The Chesapeake and Ohio Canal, also known as the “Grand Old Ditch,” is a marvel of 19th-century engineering that stretches nearly 185 miles from Georgetown to Cumberland, Md. It is the fourth most visited National Historical Park in the country, entertaining more than 3 million patrons a year. Its story, both as a waterway and a park, is as turbulent as the Great Falls of the Potomac River, a tale that begins with the 37 miles of canal in Montgomery County.
On July 4, 1828, a crush of people gathered near the Little Falls Branch of the Potomac River, not far from the present neighborhood of Brookmont, to watch President John Quincy Adams turn the first spade of earth for what was being called “one of the greatest works yet contemplated”—the C&O Canal.
“To subdue the earth is preeminently the purpose of the undertaking,” the president intoned, “to the accomplishment of which the first stroke of the spade is now to be struck.” Adams thrust the ceremonial spade into the ground. He hit a root. He tried again to sink the spade, but with no better success. He stripped off his coat and got down to serious business as onlookers shouted encouragement until he finally broke through. It was a fitting beginning to an undertaking that would be frustrated by many obstacles over the next 96 years and become one of the most ill-fated transportation projects in the nation’s early history.
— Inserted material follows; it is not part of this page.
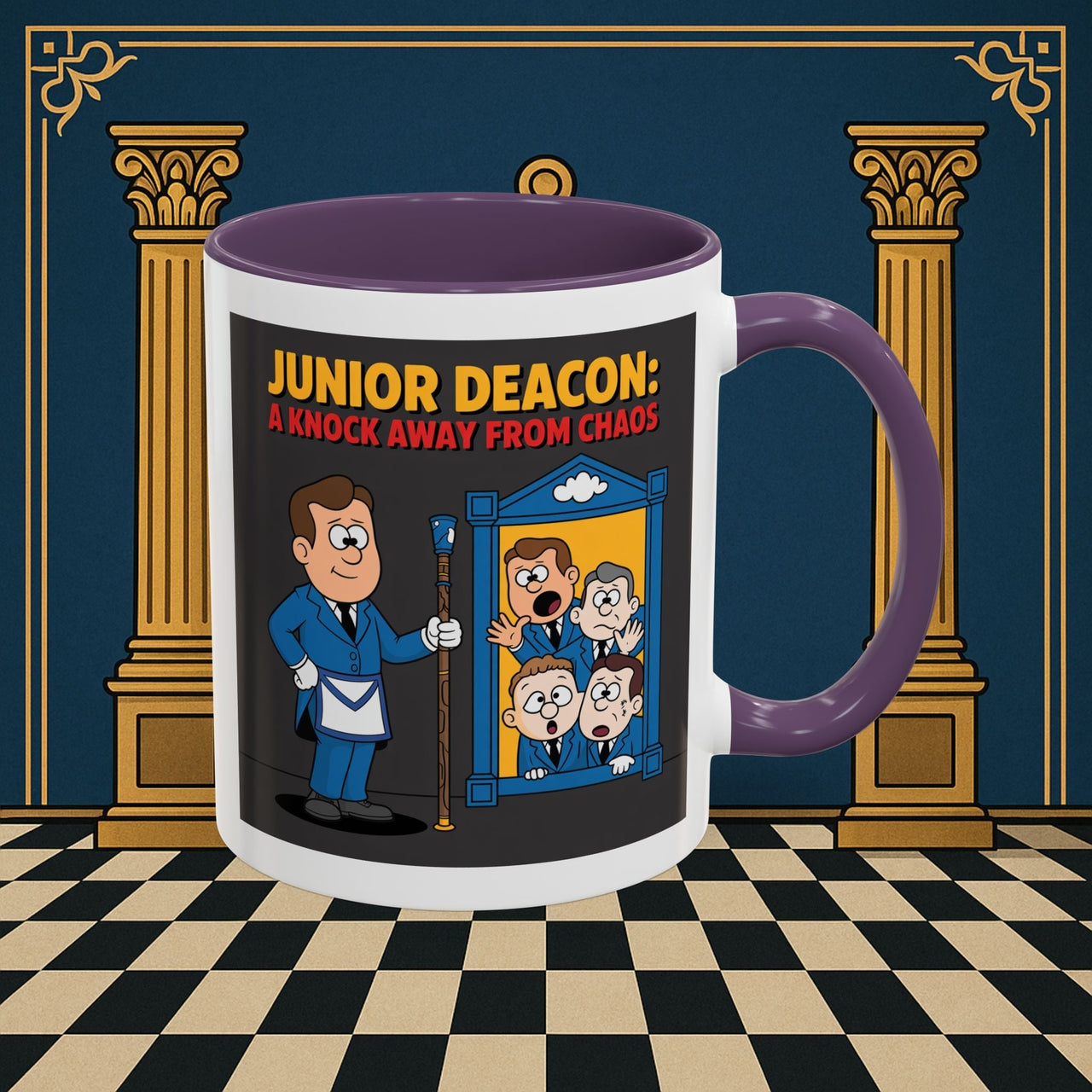 Premium Ready to Go Freemason Design | Junior Deacon: A Fraternal Threshold of Order, Visual Satire in Institutional Hierarchy | Junior Deacon - Masonic Mugs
Others had tried to create a waterway connecting Washington to points west. By 1802, the Potomac Company, first headed by George Washington in the 1780s, had made the Potomac River navigable far upstream by building a series of canals, locks and channels around impassable sections. A canal on the Virginia side skirted Great Falls; another on the Maryland side bypassed Little Falls. But the C&O Canal, under the direction of the Chesapeake and Ohio Canal Company, which took over the assets of the old Potomac Company, was an even broader vision—a man-made channel running more than 300miles from Washington to just below Pittsburgh. The canal would create an easy way to transport the bounty of the Ohio Valley to Eastern markets. The C&O Canal Company was a publicly chartered corporation initially funded by $3.6 million raised from private and public sources. The federal government, the states of Maryland and Virginia, and the cities of Washington, D.C., and Alexandria, Va., were heavy investors, all hoping for a big return in increased trade and more jobs.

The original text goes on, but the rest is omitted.